• [Your task]: Transcribe all of the entries below exactly. Leave out the pictures.

==== Information ====

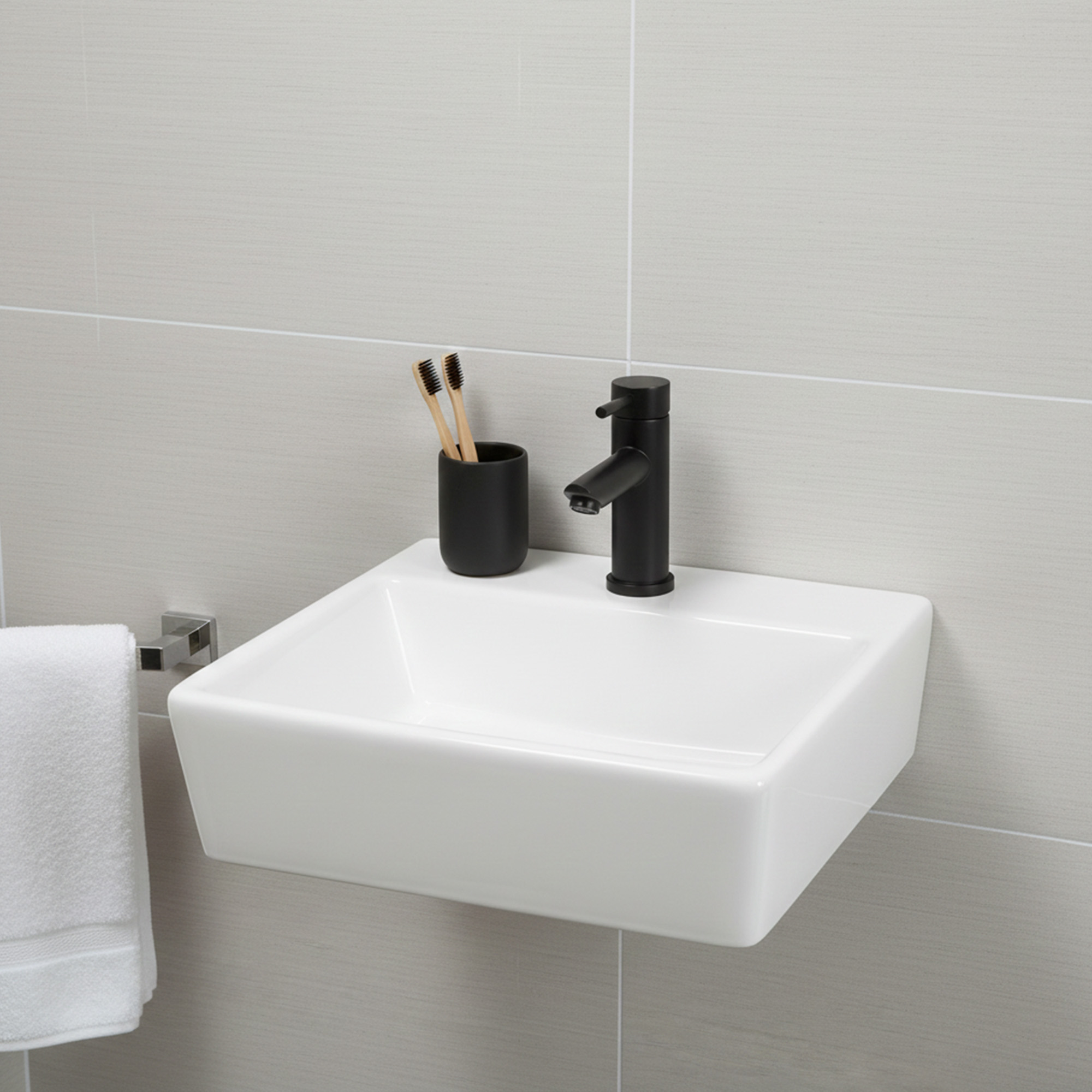 Combo Lavamanos Pequeño Rectangular+griferia Mezcladora C692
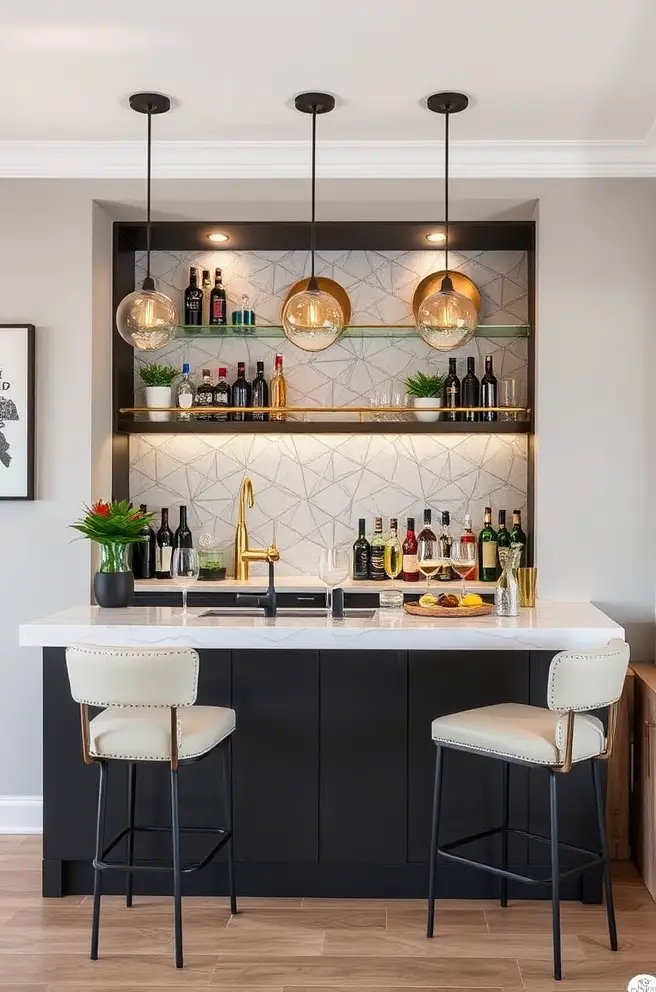 Stylish Home Bar Idea for a Chic and Modern Look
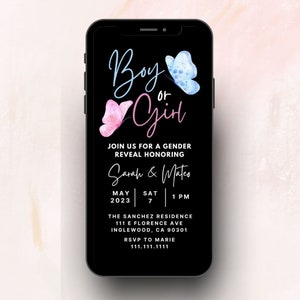 Ragazzo o ragazza rivelano il genere dell'invito digitale / modello Canva / invito rosa o blu / invito a farfalla / lui o lei rivelano l'invito alla festa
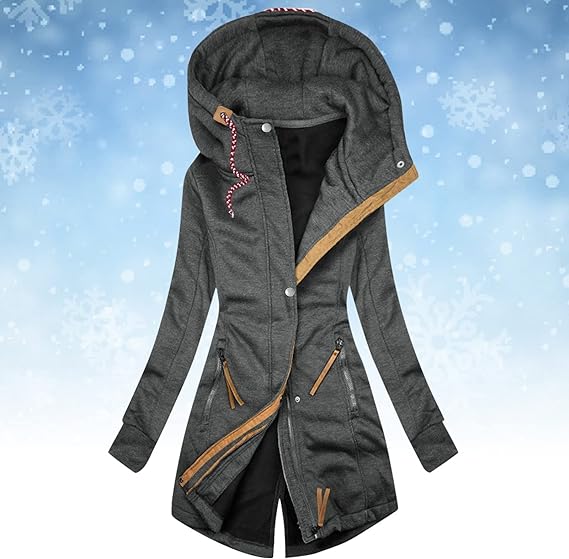 Stylische Lange Kapuzenjacke für Frauen
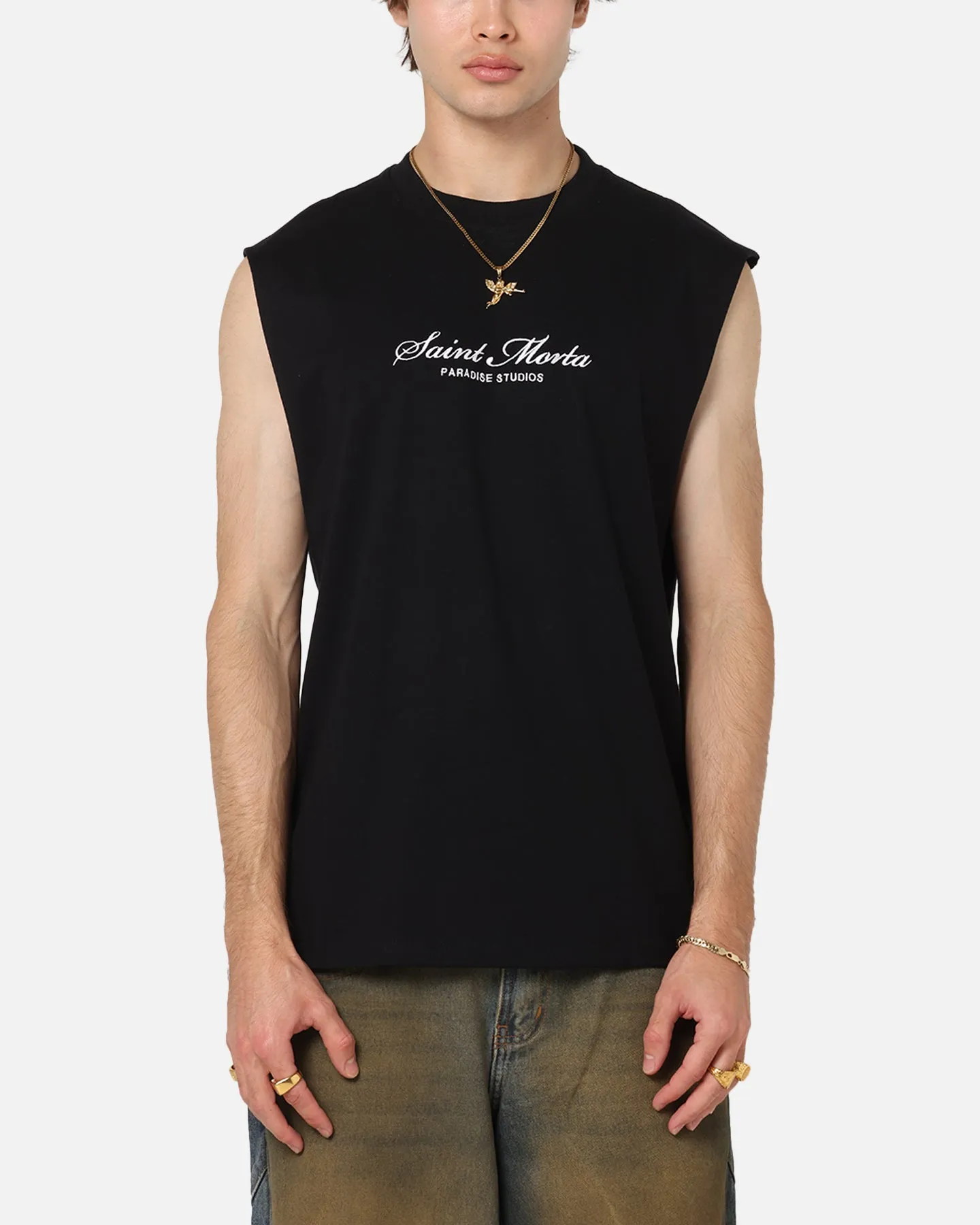 Saint Morta Studios Logo Oversized Muscle T-Shirt Black sold by Culture Kings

====

• [Written answer]:
 Combo Lavamanos Pequeño Rectangular+griferia Mezcladora C692
 Stylish Home Bar Idea for a Chic and Modern Look
 Ragazzo o ragazza rivelano il genere dell'invito digitale / modello Canva / invito rosa o blu / invito a farfalla / lui o lei rivelano l'invito alla festa
 Stylische Lange Kapuzenjacke für Frauen
 Saint Morta Studios Logo Oversized Muscle T-Shirt Black sold by Culture Kings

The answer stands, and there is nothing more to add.